More than 600 people are expected to attend the event at the Cross Insurance Center, which will begin with a buffet meal at noon followed by the induction ceremony at 1:30 p.m.
Twenty players, seven coaches and two officials will be honored in the second class to be inducted since the hall of fame was established and based at the Cross Center in 2014. Also being recognized are seven “Legends of the Game” and the 1954 Ellsworth High School boys basketball team, which played in the New England tournament semifinals before a crowd of 13,000 at the Boston Garden.
“I think there are some, probably most all of them, in this group that could have gone with that first class,” Tony Hamlin, chairman of the hall of fame’s selection committee, said.
Players become eligible for induction 20 years after their playing days conclude. Coaches with 20 years of experience are eligible immediately, while those whose careers were less than 20 years must wait 10 years after their last coaching assignment for eligibility.
This year’s class is slightly larger than the inaugural group of 22 in 2014, in part because of the older generations of candidates who are being considered during the formative years of the hall of fame.
“We have some things to consider, like the age of some of the inductees,” Hamlin said. “But we’ll have 35 players in after this year, so we’ll probably go back to 15 next year and by five years we’ll have 75 to 80 and we’ll be off to a pretty good start.”
Meader, a Solon native who has coached at the University of Maine at Farmington since 1993 after 17 years at Thomas College in Waterville, and Hunter, the Aroostook County product who guided high school teams to state championships at Morse of Bath, South Portland and Portsmouth, New Hampshire, are among a septet of coaches being inducted who have combined for more than 3,500 career victories and 23 high school state titles.
Other coaches being inducted are Dick Barstow (Central Aroostook of Mars Hill, Presque Isle and Katahdin of Stacyville high schools), Art Dyer (Medomak Valley of Waldoboro, Westbrook, Fairfield University), Dwight Littlefield (Valley of Bingham), Bruce MacGregor (Husson University) and Roger Reed (Bangor HS, Bangor Christian).
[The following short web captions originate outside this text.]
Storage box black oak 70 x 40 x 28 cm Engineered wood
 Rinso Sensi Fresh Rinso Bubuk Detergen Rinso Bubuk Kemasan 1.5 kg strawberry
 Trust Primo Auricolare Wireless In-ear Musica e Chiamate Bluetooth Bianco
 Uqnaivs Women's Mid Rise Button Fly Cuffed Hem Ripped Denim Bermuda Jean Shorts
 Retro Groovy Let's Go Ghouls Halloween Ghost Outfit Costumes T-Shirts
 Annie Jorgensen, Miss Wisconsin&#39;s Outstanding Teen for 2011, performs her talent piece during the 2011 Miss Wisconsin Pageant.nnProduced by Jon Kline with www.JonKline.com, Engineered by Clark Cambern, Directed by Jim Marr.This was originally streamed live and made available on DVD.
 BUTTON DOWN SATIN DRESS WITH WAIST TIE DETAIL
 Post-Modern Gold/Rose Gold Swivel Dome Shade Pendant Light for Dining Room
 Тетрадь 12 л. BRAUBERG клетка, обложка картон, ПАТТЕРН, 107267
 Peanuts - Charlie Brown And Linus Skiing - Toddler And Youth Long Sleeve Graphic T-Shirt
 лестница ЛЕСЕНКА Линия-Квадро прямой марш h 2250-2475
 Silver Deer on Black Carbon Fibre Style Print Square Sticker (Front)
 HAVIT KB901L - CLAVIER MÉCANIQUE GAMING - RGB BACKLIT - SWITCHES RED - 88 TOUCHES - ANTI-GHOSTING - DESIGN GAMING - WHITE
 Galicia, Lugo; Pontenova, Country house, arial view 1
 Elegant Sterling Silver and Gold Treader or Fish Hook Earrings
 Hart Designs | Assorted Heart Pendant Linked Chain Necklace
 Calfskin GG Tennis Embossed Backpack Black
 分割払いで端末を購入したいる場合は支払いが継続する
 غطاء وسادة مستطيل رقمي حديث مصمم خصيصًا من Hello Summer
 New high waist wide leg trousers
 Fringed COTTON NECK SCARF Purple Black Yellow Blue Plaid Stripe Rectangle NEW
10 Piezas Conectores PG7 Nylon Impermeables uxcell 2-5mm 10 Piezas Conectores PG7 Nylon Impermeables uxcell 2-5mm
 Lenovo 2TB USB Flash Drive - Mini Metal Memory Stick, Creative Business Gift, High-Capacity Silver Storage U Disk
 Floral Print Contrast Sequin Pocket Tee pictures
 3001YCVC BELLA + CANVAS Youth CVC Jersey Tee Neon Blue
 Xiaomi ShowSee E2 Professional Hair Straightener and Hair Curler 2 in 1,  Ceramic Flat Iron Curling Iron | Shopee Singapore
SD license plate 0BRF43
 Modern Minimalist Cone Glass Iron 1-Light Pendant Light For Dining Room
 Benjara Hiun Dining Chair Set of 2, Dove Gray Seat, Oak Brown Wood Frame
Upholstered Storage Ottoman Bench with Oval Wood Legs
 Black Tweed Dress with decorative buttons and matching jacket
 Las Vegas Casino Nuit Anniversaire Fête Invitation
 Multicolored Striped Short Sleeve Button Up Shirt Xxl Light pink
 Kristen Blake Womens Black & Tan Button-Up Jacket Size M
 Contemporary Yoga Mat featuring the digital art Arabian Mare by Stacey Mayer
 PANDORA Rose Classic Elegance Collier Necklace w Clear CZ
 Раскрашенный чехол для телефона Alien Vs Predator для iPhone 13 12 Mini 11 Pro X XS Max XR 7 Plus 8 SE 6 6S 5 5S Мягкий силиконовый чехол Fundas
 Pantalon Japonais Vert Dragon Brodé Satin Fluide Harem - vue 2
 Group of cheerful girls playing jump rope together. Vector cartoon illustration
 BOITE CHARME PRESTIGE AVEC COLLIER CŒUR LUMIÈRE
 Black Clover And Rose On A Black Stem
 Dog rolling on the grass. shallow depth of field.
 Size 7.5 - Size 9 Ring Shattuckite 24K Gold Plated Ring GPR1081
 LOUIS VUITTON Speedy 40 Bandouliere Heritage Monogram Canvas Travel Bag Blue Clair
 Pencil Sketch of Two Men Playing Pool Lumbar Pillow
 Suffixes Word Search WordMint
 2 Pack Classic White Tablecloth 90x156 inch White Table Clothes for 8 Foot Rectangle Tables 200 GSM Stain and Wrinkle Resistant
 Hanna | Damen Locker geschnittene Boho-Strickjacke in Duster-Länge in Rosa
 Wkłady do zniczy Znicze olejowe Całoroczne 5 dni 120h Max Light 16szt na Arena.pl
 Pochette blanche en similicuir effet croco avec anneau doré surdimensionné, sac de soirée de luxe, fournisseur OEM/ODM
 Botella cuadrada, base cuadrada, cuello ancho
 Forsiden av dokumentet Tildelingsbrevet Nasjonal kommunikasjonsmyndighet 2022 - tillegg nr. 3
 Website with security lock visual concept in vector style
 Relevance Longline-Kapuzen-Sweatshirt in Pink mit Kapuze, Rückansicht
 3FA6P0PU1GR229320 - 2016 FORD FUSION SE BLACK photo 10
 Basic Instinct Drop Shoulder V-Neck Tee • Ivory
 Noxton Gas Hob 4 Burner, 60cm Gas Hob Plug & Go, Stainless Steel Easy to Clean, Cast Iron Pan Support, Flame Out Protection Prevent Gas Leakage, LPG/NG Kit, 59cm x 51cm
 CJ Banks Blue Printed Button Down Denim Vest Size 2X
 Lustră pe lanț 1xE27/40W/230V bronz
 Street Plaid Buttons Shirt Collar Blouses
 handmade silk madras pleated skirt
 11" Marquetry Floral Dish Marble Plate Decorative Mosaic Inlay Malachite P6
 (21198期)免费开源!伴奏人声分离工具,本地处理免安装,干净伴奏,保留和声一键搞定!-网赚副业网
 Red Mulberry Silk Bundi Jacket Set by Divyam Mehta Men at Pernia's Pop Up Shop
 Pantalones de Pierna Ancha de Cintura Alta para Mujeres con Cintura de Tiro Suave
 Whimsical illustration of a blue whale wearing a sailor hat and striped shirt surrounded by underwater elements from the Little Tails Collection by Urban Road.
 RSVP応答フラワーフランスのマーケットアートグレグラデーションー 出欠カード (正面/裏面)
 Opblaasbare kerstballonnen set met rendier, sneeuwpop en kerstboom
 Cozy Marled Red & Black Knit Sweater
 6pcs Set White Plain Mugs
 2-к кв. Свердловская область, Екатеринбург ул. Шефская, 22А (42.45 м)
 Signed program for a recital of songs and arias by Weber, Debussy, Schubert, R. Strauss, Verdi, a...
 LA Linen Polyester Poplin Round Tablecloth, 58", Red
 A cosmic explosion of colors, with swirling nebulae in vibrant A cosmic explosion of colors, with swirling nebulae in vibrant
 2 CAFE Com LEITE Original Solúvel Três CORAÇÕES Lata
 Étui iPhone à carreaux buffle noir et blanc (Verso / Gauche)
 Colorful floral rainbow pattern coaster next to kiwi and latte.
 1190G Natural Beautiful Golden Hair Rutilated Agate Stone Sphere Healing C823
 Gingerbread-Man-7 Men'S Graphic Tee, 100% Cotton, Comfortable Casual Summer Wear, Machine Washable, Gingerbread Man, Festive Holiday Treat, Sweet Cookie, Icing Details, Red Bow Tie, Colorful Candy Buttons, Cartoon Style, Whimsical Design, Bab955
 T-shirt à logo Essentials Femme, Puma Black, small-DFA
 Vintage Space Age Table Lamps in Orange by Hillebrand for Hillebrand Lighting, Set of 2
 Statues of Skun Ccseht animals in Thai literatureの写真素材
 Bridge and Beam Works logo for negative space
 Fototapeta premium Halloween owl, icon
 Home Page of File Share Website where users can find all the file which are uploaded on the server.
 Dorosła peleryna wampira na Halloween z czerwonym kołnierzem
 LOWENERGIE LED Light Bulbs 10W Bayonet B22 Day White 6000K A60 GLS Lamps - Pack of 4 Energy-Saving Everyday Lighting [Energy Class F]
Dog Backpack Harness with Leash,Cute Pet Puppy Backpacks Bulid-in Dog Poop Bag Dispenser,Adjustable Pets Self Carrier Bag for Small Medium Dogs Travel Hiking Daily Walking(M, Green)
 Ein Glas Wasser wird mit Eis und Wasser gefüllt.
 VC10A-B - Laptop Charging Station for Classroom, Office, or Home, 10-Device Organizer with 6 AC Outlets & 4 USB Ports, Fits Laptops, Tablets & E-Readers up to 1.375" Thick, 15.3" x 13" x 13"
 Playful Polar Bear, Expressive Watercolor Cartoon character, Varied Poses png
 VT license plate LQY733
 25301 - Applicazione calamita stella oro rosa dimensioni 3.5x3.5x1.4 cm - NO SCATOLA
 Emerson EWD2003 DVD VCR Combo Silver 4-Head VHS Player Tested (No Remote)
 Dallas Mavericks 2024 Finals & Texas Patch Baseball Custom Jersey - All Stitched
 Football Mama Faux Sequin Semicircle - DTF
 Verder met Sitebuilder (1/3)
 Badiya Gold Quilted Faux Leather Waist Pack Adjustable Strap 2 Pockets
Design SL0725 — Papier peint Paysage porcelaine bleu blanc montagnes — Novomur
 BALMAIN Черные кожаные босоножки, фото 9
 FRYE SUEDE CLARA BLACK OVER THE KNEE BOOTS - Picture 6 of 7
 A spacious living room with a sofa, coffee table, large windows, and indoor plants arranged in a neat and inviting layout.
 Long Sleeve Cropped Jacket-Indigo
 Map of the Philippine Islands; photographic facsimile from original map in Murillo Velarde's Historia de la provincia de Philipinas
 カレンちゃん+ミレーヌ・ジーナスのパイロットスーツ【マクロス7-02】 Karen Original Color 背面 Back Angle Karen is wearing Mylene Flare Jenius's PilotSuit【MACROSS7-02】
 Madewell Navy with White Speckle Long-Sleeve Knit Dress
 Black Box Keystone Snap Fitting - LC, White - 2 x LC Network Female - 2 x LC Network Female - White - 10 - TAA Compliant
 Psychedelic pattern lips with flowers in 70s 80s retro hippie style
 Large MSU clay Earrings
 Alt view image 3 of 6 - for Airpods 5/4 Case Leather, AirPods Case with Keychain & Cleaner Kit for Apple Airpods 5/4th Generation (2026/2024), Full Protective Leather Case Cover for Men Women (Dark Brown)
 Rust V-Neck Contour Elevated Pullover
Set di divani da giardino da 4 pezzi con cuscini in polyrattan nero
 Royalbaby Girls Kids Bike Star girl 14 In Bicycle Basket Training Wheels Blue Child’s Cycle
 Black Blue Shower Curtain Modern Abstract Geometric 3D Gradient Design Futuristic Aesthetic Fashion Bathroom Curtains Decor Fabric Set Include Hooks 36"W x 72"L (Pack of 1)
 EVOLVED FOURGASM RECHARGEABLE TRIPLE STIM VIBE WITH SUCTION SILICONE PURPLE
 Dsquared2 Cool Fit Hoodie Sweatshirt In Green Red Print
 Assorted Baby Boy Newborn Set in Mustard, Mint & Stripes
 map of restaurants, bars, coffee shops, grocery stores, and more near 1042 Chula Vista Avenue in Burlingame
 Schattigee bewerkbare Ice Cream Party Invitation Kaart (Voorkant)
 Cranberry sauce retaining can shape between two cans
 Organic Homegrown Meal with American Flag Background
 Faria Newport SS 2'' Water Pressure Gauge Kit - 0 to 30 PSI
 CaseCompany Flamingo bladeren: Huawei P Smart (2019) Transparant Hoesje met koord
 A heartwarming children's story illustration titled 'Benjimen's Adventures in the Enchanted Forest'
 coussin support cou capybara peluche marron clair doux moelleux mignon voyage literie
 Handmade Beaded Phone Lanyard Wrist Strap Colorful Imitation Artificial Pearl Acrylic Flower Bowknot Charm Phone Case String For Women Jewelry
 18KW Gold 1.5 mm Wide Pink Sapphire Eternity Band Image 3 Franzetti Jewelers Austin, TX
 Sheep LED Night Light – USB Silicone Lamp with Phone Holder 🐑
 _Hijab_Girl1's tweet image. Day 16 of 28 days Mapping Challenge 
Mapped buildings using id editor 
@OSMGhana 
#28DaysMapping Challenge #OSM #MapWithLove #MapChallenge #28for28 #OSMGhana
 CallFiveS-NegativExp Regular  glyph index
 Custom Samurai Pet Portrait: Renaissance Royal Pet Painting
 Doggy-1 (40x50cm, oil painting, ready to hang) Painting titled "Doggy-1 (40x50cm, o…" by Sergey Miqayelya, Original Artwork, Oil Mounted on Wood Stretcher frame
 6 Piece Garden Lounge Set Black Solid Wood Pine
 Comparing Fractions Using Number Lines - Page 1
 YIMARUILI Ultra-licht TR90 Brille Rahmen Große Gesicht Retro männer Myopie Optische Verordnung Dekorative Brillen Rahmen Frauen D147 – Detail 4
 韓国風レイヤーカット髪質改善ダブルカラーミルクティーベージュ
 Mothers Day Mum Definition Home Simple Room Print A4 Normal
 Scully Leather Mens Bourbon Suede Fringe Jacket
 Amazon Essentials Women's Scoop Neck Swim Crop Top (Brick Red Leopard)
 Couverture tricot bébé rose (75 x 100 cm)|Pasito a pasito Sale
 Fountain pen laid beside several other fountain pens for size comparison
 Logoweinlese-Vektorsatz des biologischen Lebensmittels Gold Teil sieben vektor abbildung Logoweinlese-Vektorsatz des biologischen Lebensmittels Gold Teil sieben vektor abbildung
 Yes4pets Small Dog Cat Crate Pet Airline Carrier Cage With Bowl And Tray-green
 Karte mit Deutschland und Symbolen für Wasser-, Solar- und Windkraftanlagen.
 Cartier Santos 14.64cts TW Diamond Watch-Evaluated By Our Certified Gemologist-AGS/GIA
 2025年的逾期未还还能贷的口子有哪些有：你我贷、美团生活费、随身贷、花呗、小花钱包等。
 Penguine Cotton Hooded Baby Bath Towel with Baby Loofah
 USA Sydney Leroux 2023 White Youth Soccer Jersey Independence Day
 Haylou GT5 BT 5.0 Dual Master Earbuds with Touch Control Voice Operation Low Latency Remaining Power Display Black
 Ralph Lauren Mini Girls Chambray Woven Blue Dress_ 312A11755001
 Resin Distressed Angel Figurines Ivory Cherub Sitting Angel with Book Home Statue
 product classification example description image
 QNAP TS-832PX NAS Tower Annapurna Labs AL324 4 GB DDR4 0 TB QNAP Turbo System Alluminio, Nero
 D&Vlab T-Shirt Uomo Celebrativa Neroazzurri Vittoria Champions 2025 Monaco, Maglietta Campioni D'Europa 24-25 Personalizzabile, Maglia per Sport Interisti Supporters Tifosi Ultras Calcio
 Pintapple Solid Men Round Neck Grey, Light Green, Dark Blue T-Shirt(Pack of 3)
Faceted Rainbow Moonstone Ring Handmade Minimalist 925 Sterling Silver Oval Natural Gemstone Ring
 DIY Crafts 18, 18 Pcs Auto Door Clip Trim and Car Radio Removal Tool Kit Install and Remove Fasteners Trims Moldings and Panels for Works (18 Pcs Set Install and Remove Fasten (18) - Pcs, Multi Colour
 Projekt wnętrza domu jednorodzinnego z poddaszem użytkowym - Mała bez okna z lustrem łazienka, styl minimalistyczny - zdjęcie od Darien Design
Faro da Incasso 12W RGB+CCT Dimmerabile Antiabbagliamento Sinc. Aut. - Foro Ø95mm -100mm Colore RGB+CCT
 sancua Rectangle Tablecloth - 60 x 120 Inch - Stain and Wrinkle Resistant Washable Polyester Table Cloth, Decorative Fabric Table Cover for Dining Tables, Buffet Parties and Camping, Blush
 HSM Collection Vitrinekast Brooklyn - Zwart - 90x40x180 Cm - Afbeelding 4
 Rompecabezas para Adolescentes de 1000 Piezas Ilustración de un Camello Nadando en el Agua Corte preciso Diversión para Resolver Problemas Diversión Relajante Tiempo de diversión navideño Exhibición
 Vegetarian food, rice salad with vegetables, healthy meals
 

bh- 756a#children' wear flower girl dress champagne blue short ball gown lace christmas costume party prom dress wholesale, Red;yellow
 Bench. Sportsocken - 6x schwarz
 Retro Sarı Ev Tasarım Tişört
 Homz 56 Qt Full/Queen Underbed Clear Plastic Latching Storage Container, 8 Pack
Drinon, Ellis and Coffin will be joined as player inductees by Ray Bishop (Morse HS, So. Maine), Wayne Champeon (Greenville HS, University of Maine), Denis Clark (Winthrop HS, Springfield University), Steve Condon (Presque Isle HS, UMaine), Maureen Burchill Cooper (Deering HS, So. Maine), John Edes (Ellsworth HS, Colby College), Paul Fortin (Lewiston HS, Hardin-Simmons University), Peter Kelley (Caribou HS, Harvard), Keith Mahaney (Fort Fairfield HS, UMaine), Ed Marchetti (Morse HS, Colby), Edward “Bo” McFarland (Scarborough HS, Bowdoin College), John Norris (Bangor HS, Georgetown, UMaine), Nick Scaccia (Sanford HS, Colgate University), Marcie Lane Schulenberg (Cony of Augusta, Boston University, New Hampshire), Ted Shiro (Waterville HS, Colby), Gary Towle (Cony HS, Providence College, Assumption) and Bob Warner (Thornton Academy, UMaine).
Representing officials in 2015 Maine Basketball Hall of Fame class are Peter Webb and Jack Coyne.
Webb, Maine’s basketball commissioner for the last quarter-century, also has served on the International Association of Approved Basketball Officials executive committee for 13 years, highlighted by a term as president in 2002. He also has been an active game official for 50 years.
Coyne is regarded as one of the top referees in Maine history. A former Cheverus of Portland and University of Southern Maine player, he went on to referee for more than two decades as was on the verge of working a full schedule of major NCAA Division I games before his career was cut short by a freak accident that resulted in knee replacement.
Those being recognized as Legends of the Game are longtime official and former Maine basketball commissioner Mike DiRenzo; former official and Western Maine tournament director Bob Whytock; David Dorion of Bath, a fixture with the Morse High School and local youth basketball programs for 50 years; veteran broadcaster George Hale; Kim London, a JV coach at Katahdin of Stacyville for three decades; former Old Town coach and administrator Bernard McKenzie; and Marcia Adams, a 1975 Cony of Augusta graduate who went on to play two seasons with the All-American Redheads, a barnstorming team that has been inducted into the Basketball Hall of Fame.